Washington eighth grader's Facebook illegally searched by administrator, ACLU contends

WASHINGTON — An eighth grader whose vice principal forced her to log into Facebook and allow him to view the site is asking her school district to apologize and reassign the administrator.

In a letter to the school district’s superintendent last week, the American Civil Liberties Union of Washington said the search of Samantha Negrete’s Facebook account by North Middle School Vice Principal Bryan Toutant amounted to an illegal search that has resulted in other students harassing Negrete.

On Feb. 28, Negrete was sent to Toutant’s office and instructed to “come around to his desk, kneel by his chair and log onto her Facebook account,” according to the ACLU’s letter. He told her he was seeking evidence that a fellow student was bullying. After searching, Toutant found and saved a photo and then told Negrete, “If you keep this secret, I will too,” the letter states.

That student who posted the photo was later disciplined, but it is unclear why. The ACLU letter contends the student was suspended from school for using a cell phone during school hours but not for bullying.

District spokeswoman Mary Waggoner declined to discuss the discipline but said in an email that Toutant investigated “what he understood to be cyberbullying done via a cell phone on school grounds during the school day.” Toutant searched Negrete’s Facebook account as part of his investigation, Waggoner said.

Waggoner said that she could not discuss whether the information gleaned from Negrete’s Facebook was a factor in the other student’s discipline.

The ACLU letter claims when Toutant later called down the student accused of cyberbullying, that student saw Negrete’s Facebook page open on the computer. Negrete now faces hostility from her peers and has received threatening emails for being a “snitch” and “tattletale,” after classmates learned of her involvement.

“This well-liked, model student now struggles to attend school,” the letter reads. “Her closest friends stopped talking to her.”

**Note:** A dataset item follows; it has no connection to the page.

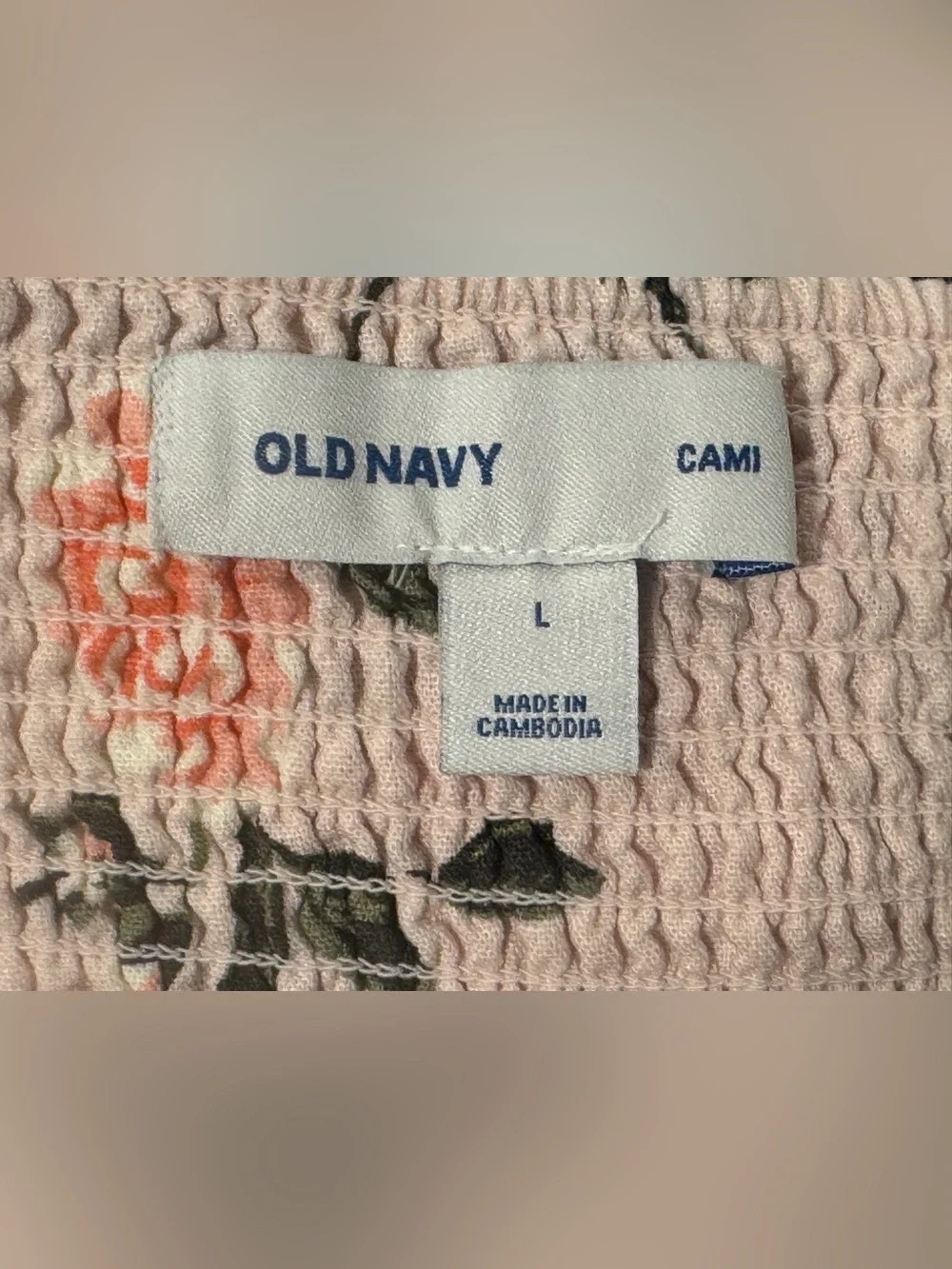 Old Navy Light Pink Floral Linen Spaghetti Strap Dress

Sarah Dunne, ACLU Washington’s legal director, emphasized that Negrette was not being investigated for cyberbullying in any way and said the girl was “used” by Toutant. Dunne referred most questions about the incident to the group’s letter.

“We believe that it may be precisely because Samantha is a good student who follows rules and respects authority that Toutant thought he might be able to gain access to other students’ Facebook account through her,” the letter reads.

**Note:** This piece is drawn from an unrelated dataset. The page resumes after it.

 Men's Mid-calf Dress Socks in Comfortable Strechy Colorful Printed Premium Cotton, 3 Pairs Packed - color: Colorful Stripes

Washington Schools Risk Management Pool, a contracted insurance and risk management firm, conducted interviews this week with all parties involved in the incident, Waggoner said. Attorneys with the firm will write up a report that will be the basis of any change in the district’s policy or discipline of staff.

The company’s claims manager for Everett School District could not be reached for comment.

Waggoner said that social media privacy is a “new and evolving territory for schools,” and that the district would “welcome the clarity that may come” from the investigation.

“Our staff respond swiftly to all issues of threatened student safety,” Waggoner wrote. “In this case, the technicalities of cyber space and social media are evolving and changing. It is vital that we protect students’ safety and their rights.”

Negrete’s claims mirror an ACLU lawsuit in Minnesota in which a middle school student claims her school repeatedly disciplined her and ultimately demanded her account information. Teresa Nelson, the ACLU attorney representing the student, also said she thought her case was “the tip of the iceberg” when she talked with Student Press Law Center last September after a motion to dismiss was denied.

“With the advent of electronic media, I think you have a lot of schools wondering what they can do and overstepping their bounds,” Nelson said.

The ACLU is asking the school issue a formal public apology to Negrete, a letter of explanation to the student body that her Facebook was improperly searched and a draft policy on social media searches. It also asks that Toutant be removed from the school for the rest of the school year.

The letter promises to seek financial damages if the district does not comply with its demands.

“She should not be forced to suffer the consequences of Toutant’s misconduct, especially when she did absolutely nothing to provoke the conduct,” the letter states.